I saw a version of Coincidences at the End of Time a couple of years ago in the cosy confines of the Moore & Moore Café in Fremantle. Since then it has been performed at The Blue Room and now transfers to the bigger studio space at the Subiaco Arts Centre. Not only does that present the work to a larger audience it provides McArdle the resources to expand his vision in terms of the text, set and lighting design. Finally it takes what was originally a student production and puts the script in the hands of two well known, professional actors – Arielle Gray coming off Black Swan’s Picnic at Hanging Rock, and Nick Maclaine recently seen in Barking Gecko’s Bambert’s Book of Lost Stories.
The story remains essentially the same – a pair of ex-lovers bump into each other at their favourite haunt and relive the highs and lows of their relationship. The context, however, is that the apocalypse is well past nigh, it’s literally banging down the doors of café as fire breathing lizards melt human flesh outside and continents sink into oblivion. We never know what the cause of this end-of-the-world scenario is but that’s secondary to the cataclysmic emotional events it sponsors. With no tomorrow why not relive your shared yesterdays?
In that regard the play is less a dystopian nightmare and more a time travel saga of recalled memories and moments. The arc of the relationship follows familiar territory – the ‘cute meet’, first date, moving in together, shared moments of domestic life, the embarrassments, the arguments and secrets that come to the fore, the perceived and actual betrayals, and finally the separation.
These vignettes are weaved into the present day situation of imminent death thereby lending poignancy tinged with regret. The reworked script is tighter in this regard, ratcheting up the emotional stakes while downplaying the humour though there are still wry observations and McArdle’s trademark witty ripostes.
Maclaine is always the most affable of leading men and that everyman quality works well here. His greeting card writer is a sympathetic figure and even in scenes of heightened emotion exudes an easy charm and sense of decency. Gray adds a layer of emotional combustibility and it’s an impressive turn especially when the relationship crumbles before our eyes. There is an emotional honesty to her performance that is compelling.

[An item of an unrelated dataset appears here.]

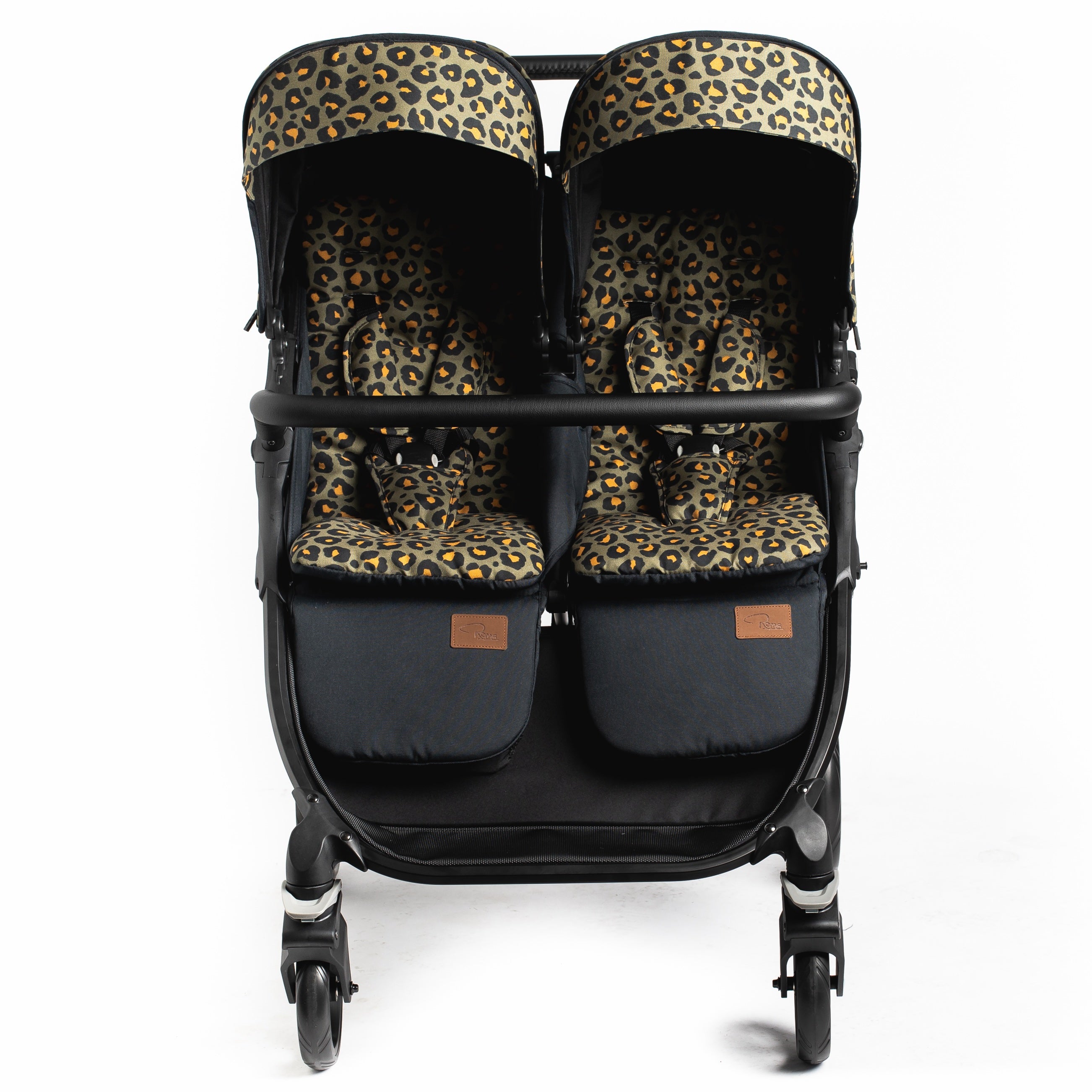 Roma Gemini Sibling Bundle - Khaki Leopard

The set has come a long way from the sparse configuration in Fremantle. There is a vertical bed used to good effect and all the paraphernalia of a café including a jumble of chairs hanging from the ceiling to symbolise a world turned upside down. The only problem with the studio space is that the seating isn’t particularly well raked for optimal viewing so I lost a lot when the actors were down low.
Light bulbs are suspended from the ceiling between the chairs and their use clearly delineates what is the present and what is, essentially, a flashback. There is a certain rhythm that allows for the actors to make minor costume adjustments and find their marks. Music also assists with this and I believe it is the same score as used before. All this is effective stagecraft but given the amount of transitions it occasionally lends a sameness and predictability in the repetition.
The Subiaco Theatre Festival is proving to be a boon in allowing works such as Coincidences at the End of Time to be restaged and find a different audience. It encourages talented theatre practitioners such as McArdle to refine and hone their craft and that bodes well for future endeavours.